The need for secrecy continues, if not with unabated strength, even after the grand jury has decided, as it had decided in Procter & Gamble, not to return an indictment. The need for secrecy continues even after the grand jury has been dissolved, as it had been in Dennis v. United States, 384 U.S. 855, 86 S.Ct. 1840, 16 L.Ed.2d 973 (1966); Douglas Oil Co. v. Petrol Stops Northwest, supra; and United States v. John Doe, Inc. I, 481 U.S. —, 107 S.Ct. 1656, 95 L.Ed.2d 94 (1987). And the need for secrecy continues even after the persons indicted by the grand jury have pleaded guilty, as they had in United States v. Sells Engineering, Inc., 463 U.S. 418, 103 S.Ct. 3133, 77 L.Ed.2d 743 (1983). “[I]n considering the effects of disclosure on grand jury proceedings,” the Supreme Court has told us, “the courts must consider not only the immediate effects upon a particular grand jury, but also the possible effect upon the functioning of future grand juries.” Douglas Oil, 441 U.S. at 222, 99 S.Ct. at 1674.

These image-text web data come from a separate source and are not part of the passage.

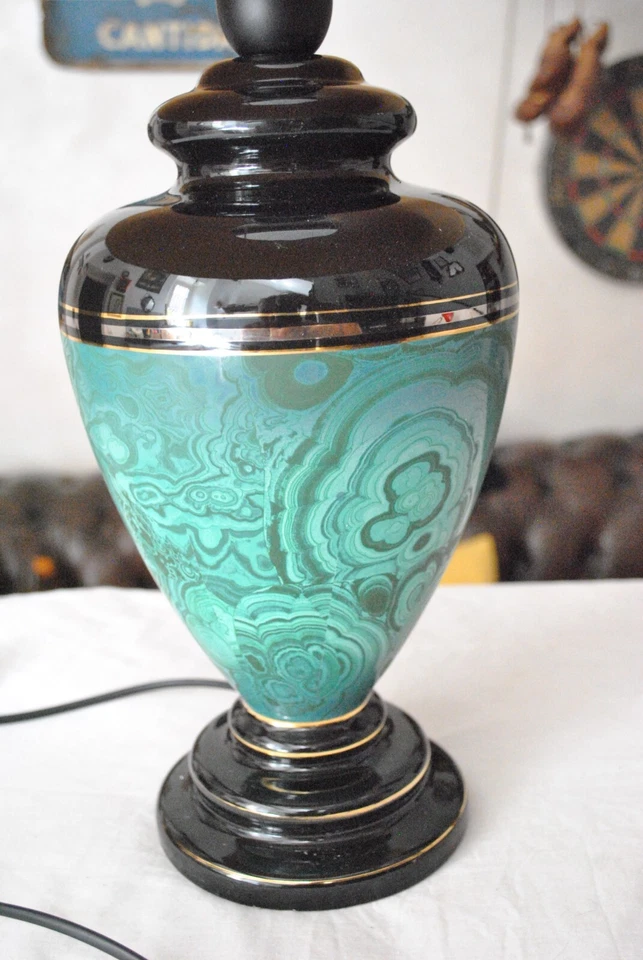 Lampada da tavolo classica salotto grande elegante bordata oro 24kt con paralume - Immagine 4 di 4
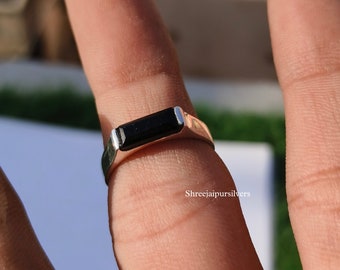 Black Onyx Sterling Silver Signet Ring - Bar Design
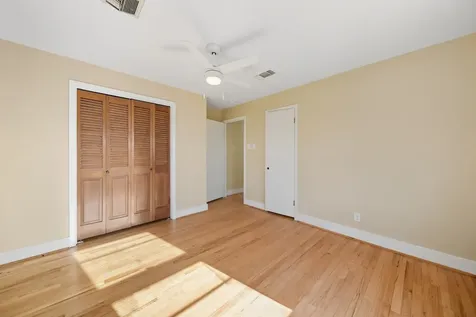 1452 S Circle Sealy TX 77474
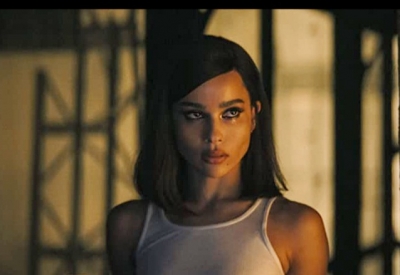 Zoe Kravitz says Robert Pattinson wore George Clooney's Batman suit | Zoe Kravitz says Robert Pattinson wore George Clooney's Batman suit Zoe Kravitz says Robert Pattinson wore George Clooney's Batman suit | Zoe Kravitz says Robert Pattinson wore George Clooney's Batman suit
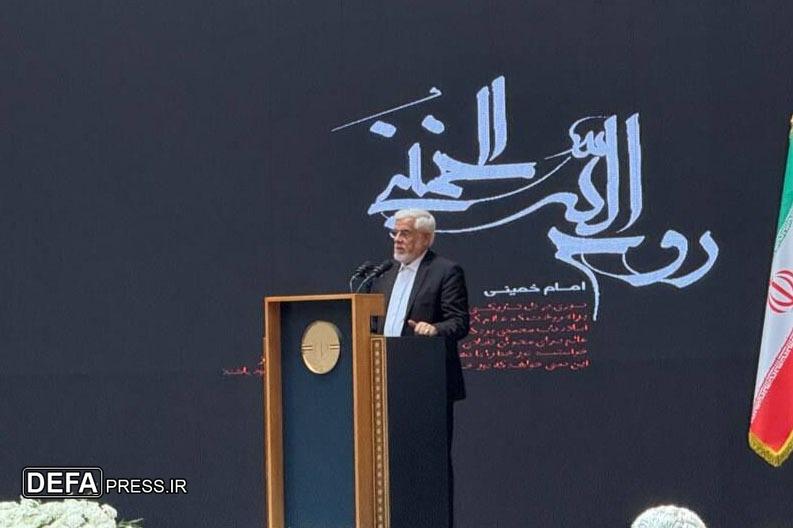 عارف: امام سیاست صبر فعال را جایگزین صبر منفعلانه کرد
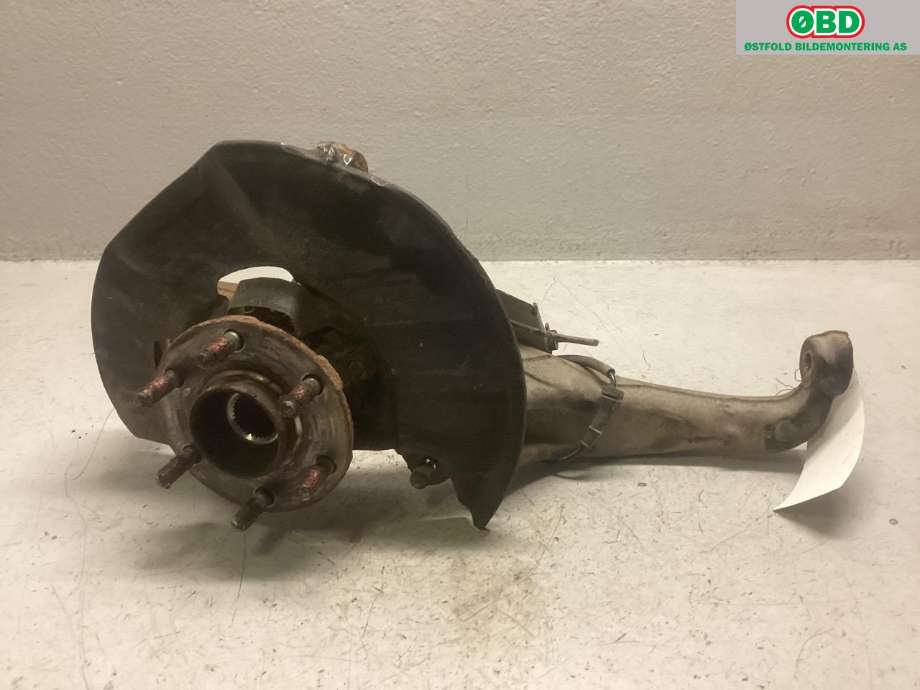 Hjulspindel venstre foran til Nissan Navara 2016-->> (D23) (D23) (NISSAN|400155XA0A|)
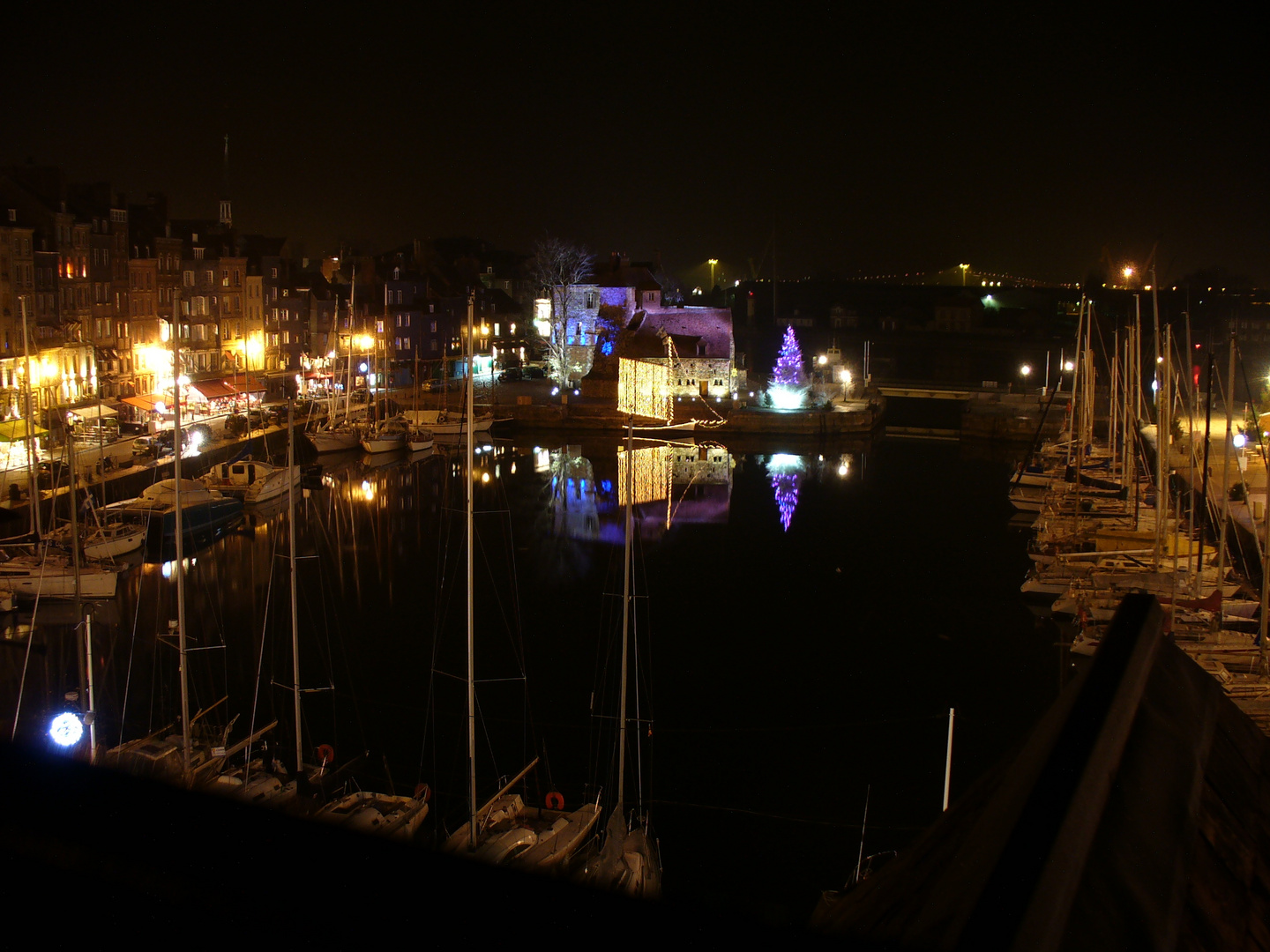 Vieux Bassin, Honfleur, im Weihnachtsdress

A known likelihood of ultimate disclosure, as the Court said in Sells Engineering, 463 U.S. at 432, 103 S.Ct. at 3142,

“renders considerably more concrete the threat to the willingness of witnesses to come forward and to testify fully and candidly. If a witness knows or fears that his testimony before the grand jury will be routinely available for use in ... civil litigation ... he may well be less willing to speak for fear that he will get himself into trouble in some other forum. Cf. Pillsbury Co. v. Conboy, 459 U.S. 248, 263, n. 23, [103 S.Ct. 608, 617, n. 23, 74 L.Ed.2d 430] (1983).”

Among the “several distinct interests served by safeguarding the confidentiality of grand jury proceedings” are the following, all of which have implications for the functioning of future grand juries:

“First, if preindictment proceedings were made public, many prospective witnesses would be hesitant to come forward voluntarily, knowing that those against whom they testify would be aware of that testimony. Moreover, witnesses who appeared before the grand jury would be less likely to testify fully and frankly, as they would be open to retribution as well as to inducements_ Finally, by preserving the secrecy of the proceedings, we assure that persons who are accused but exonerated by the grand jury will not be held up to public ridicule.” Douglas Oil, 441 U.S. at 219, 99 S.Ct. at 1673 (footnote omitted).

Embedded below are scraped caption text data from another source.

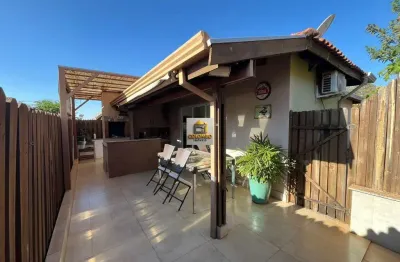 Casa para venda em giardino de 94.00m² com 3 quartos, 1 suite e 2 garagens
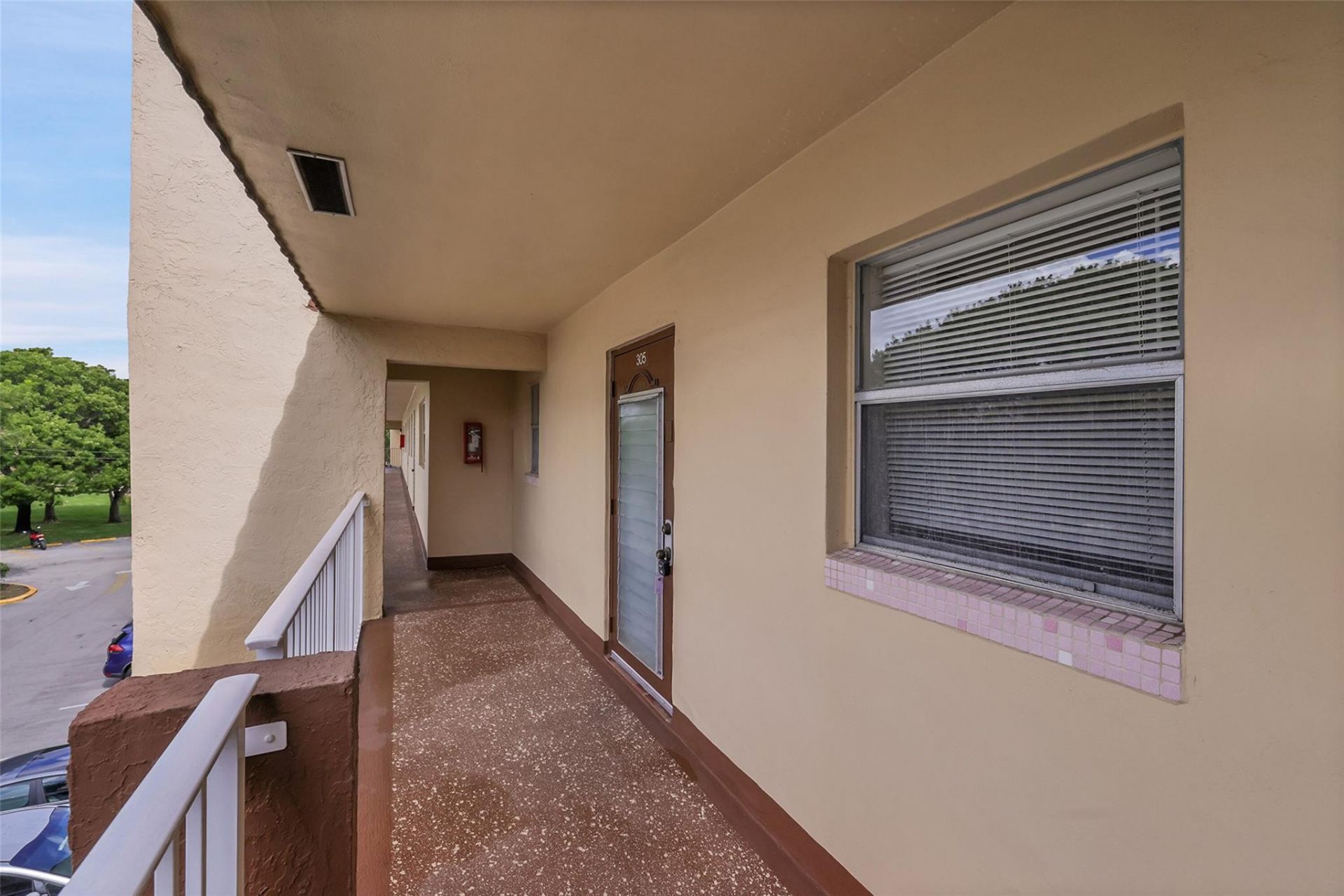 8861 Sunrise Lakes Boulevard, Unit 305, Sunrise, FL 33322 Photo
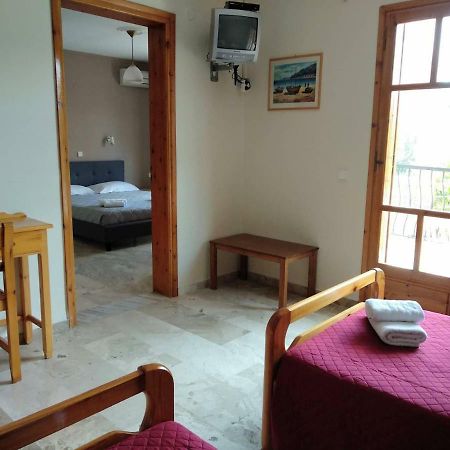 Orelia Pension 托隆 外观 照片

Against the need for grand jury secrecy must be weighed the need to prevent a possible injustice in other litigation. Before a decision in favor of disclosure can be made, the following requirements must be satisfied:

“Parties seeking grand jury transcripts under Rule 6(e) must show that the material they seek is needed to avoid a possible injustice in another judicial proceeding, that the need for disclosure is greater than the need for continued secrecy, and that their request is structured to cover only material so needed.” Douglas Oil, 441 U.S. at 222, 99 S.Ct. at 1674 (footnote omitted).

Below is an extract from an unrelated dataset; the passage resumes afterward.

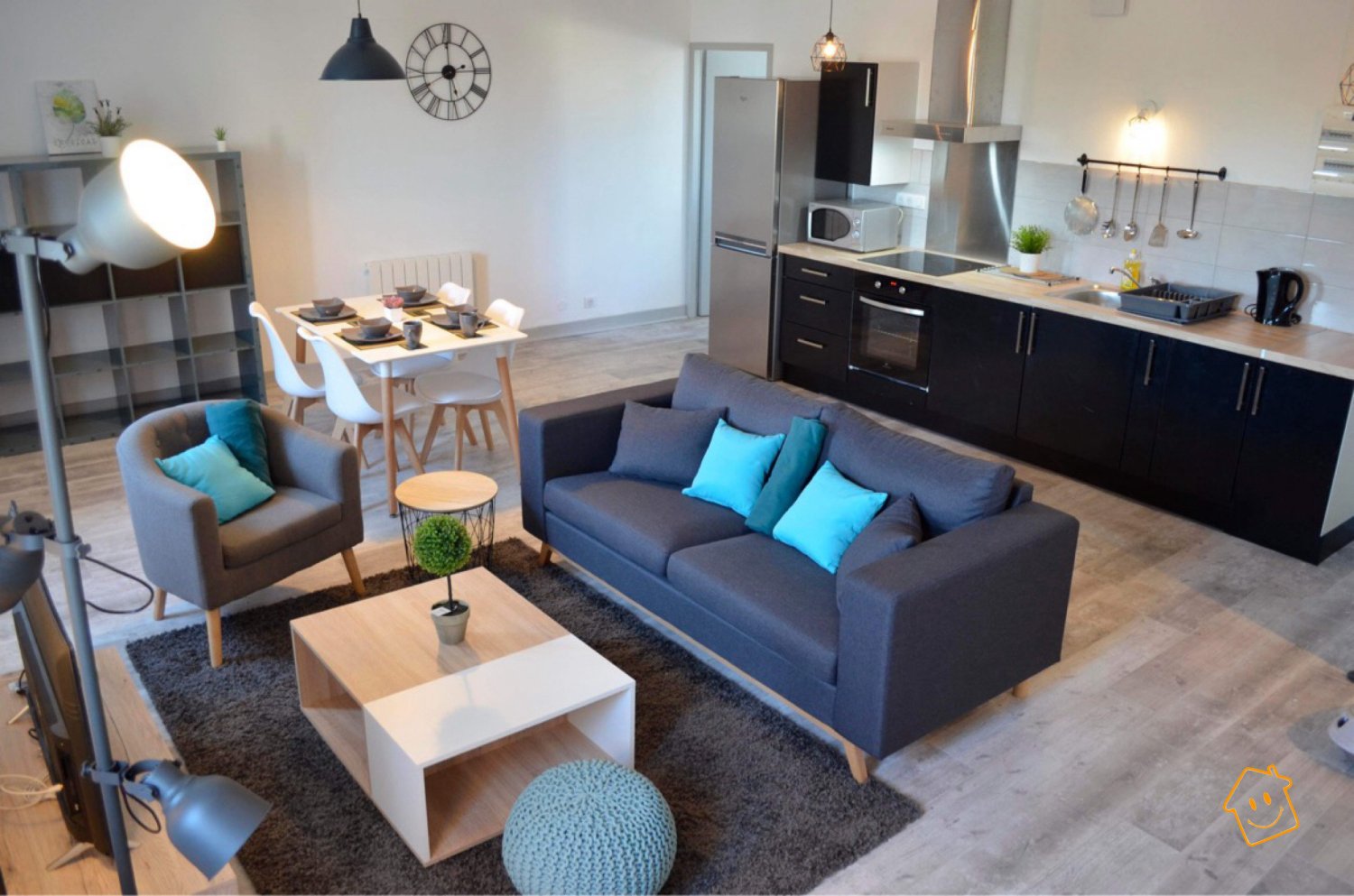 4 chambres Duplex à Bourges, France No. 77407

Where a particularized need for disclosure has been demonstrated, a district court that is properly seized of the question is *1269given wide discretion to decide whether it is the need for secrecy that predominates, or the need for disclosure. John Doe, Inc., I, 481 U.S. at —, 107 S.Ct. at 1664, 95 L.Ed.2d at 110.

Which court, as between the court responsible for the grand jury and the court responsible for the civil litigation, is normally best equipped to decide how the need for disclosure stacks up against the need for secrecy? In Douglas Oil under circumstances remarkably similar to the circumstances of the instant case, the Supreme Court said that

“[t]he possibility of an unnecessary breach of grand jury secrecy in situations such as this is not insignificant. A court more familiar with the course of the antitrust litigation might have seen important differences between the allegations of the indictment and the contours of the conspiracy respondents sought to prove in their civil actions — differences indicating that disclosure would likely be of little value to respondents, save perhaps as a mechanism for general discovery. Alternatively, the courts where the civil proceedings were pending might have considered disclosure at that point in the litigation to be premature; if there were to be conflicts between petitioners’ statements and their actions in the criminal proceedings, the court might have preferred to wait until they ripened at depositions or even during testimony at trial.
“Under these circumstances, the better practice would have been for the District Court [responsible for the grand jury], after making a written evaluation of the need for continued grand jury secrecy and a determination that the limited evidence before it showed that disclosure might be appropriate, to send the requested materials to the court where the civil cases were pending.” Douglas Oil, 441 U.S. at 229-30, 99 S.Ct. at 1678 (footnote omitted).

The practice suggested in Douglas is now prescribed by Federal Rule of Criminal Procedure 6(e)(3)(E), which provides in pertinent part as follows:

“If the judicial proceeding giving rise to the petition is in a federal district court in another district, the court shall transfer the matter to that court unless it can reasonably obtain sufficient knowledge of the proceeding to determine whether disclosure is proper. The court shall order transmitted to the court to which the matter is transferred the material sought to be disclosed, if feasible, and a written evaluation of the need for continued grand jury secrecy.”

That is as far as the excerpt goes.